These days in Japan tea is mostly harvested and processed with the help of machinery. Long gone are days when hand-picking and hand-rolling were used for commercial production. Not to forget the traditions, however, each tea regions usually has a Tea Hand-Rolling Preservation Association.
These associations normally hold and participate in community events as well as take part in tea hand-rolling competitions. There is even a National Japanese Tea Hand-Rolling Competition.
Most recently the national competition was held on 14th November and 31 teams competed in it. It is common, especially for larger tea producing regions, to have regional competitions first to select 1-3 teams to represent them in the national finals. The regions with the most teams – 3 each were: Shizuoka, Mie, Kyoto, Aichi, Fukuoka.
The competition usually starts early in the morning and rolling itself takes about 4 hours. One extra hour at the beginning is usually spent on preparing the rolling table – hoiro as well as the tea leaves. If hoiro has been used for a longer time it will likely have cracks and tears in the washi paper surface, that can be fixed and smoothened with corn starch.
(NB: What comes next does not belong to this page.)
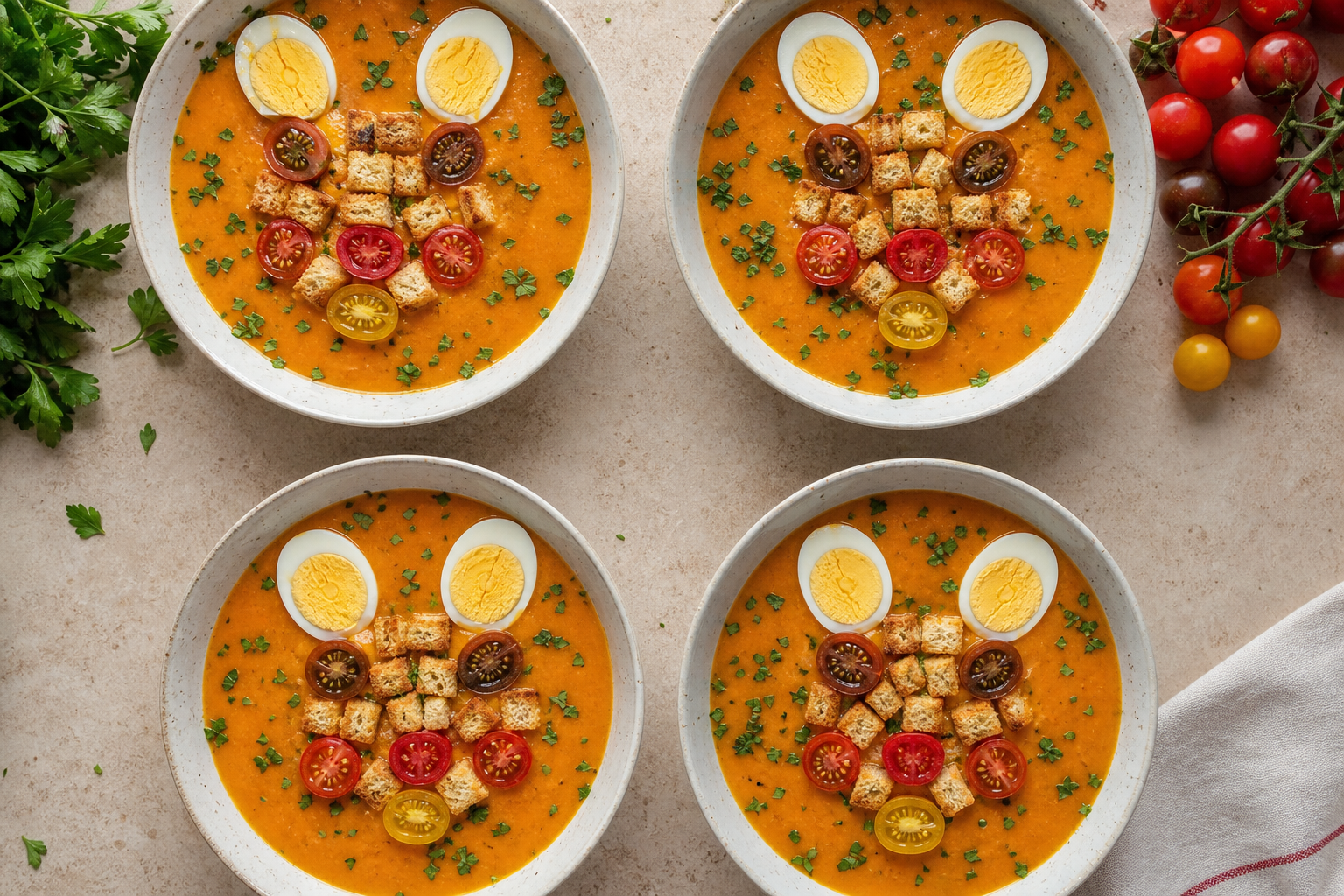 Tilcayo Tiger Cat Soup. Based on: Biologists discover new species of tiger cat in Bolivia: the tilcayo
The tea leaves used for national competition are harvested in spring and frozen to preserve them until the competition day. On the competition day they first need to be defrosted and dried from extra moisture.
From then on the tea leaves are constantly handled and massaged in 6 different rolling steps. The rolling begins lightly and goes harder and harder to press the tea leaves and push the inside moisture out. When tea leaves have lost a considerable amount of moisture they are straightened and shaped in to beautiful individual needles.
When finished, the judging committee evaluates the shape and colour of the dry tea leaves as well as the colour, aroma and taste of the brew. The team whose tea needles are closest to perfect is announced as a winner.
It is common for Shizuoka, the biggest tea producing region, to get the first place. This year, in the 22nd National Tea Hand-Rolling Competition, the winner was Wazuka team from Kyoto prefecture. According to the team members it was the first time to become Japan’s No.1 in the 19 years of participation.
The three winning teams were announced at the award ceremony. Each member of the winning the three winning teams received a certificate, and award plaque and a monetary reward. The official ceremony then was followed by some happy private celebrations.